# Question about pressure washing



## Dave Mac

Does anyone know for sure if you have to be certified to just low pressure wash a house built before 1978???????? 



thanks
dave


----------



## stelzerpaintinginc.

If you end up disturbing 6 or more square-feet of that paint during the washing, you'd better be. Depends upon the current condition of the paint-job and whether or not it can withstand even a light washing without paint falling off. Some jobs are just too risky to wash IMO, at least until the removal of loose paint & sanding are done. 

Will you also be painting it? If not, are you figuring on getting it clean from just your low-pressure wash? It can be done, but usually needs the help of cleaning agents, chems, scrub-brushes, etc. 


Stelzer Painting Inc.


----------



## Dave Mac

Thanks Troy

it would be a low pressure wash allowing all the detergents to do the work, no painting to be done. Just want to make sure I am legal to do it, I know I can do it with out disturbing any of the existing coating.


----------



## vermontpainter

Simple cherry. 

No ladders.


----------



## Twpaint

Go for it!


----------



## PressurePros

vermontpainter said:


> Simple cherry.
> 
> No ladders.


You're behind the times, Scott. Lemonator is the new king.


----------



## vermontpainter

PressurePros said:


> You're behind the times, Scott. Lemonator is the new king.
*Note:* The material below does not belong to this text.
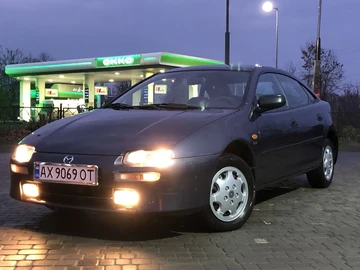 Авто Mazda 323 1998 № 8239084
I have always liked saying:

"Simple Cherry. No ladders."

I suppose I could get used to saying:

"Lemonator. No Ladders."

Rolls off the tongue better than:

"Gutter Grenade. No ladders."


----------



## PressurePros

Elemonate those ladders!


----------



## soperfect paint

U can use simple cherry that will be the fine option.


----------



## salmangeri

A certain painter I know who is lead certified will power wash in rural locations only....when in town on main streets he simply won't take the chance...can you say
$$$$37,500.....has quite a ring to it.... doesn't it?


----------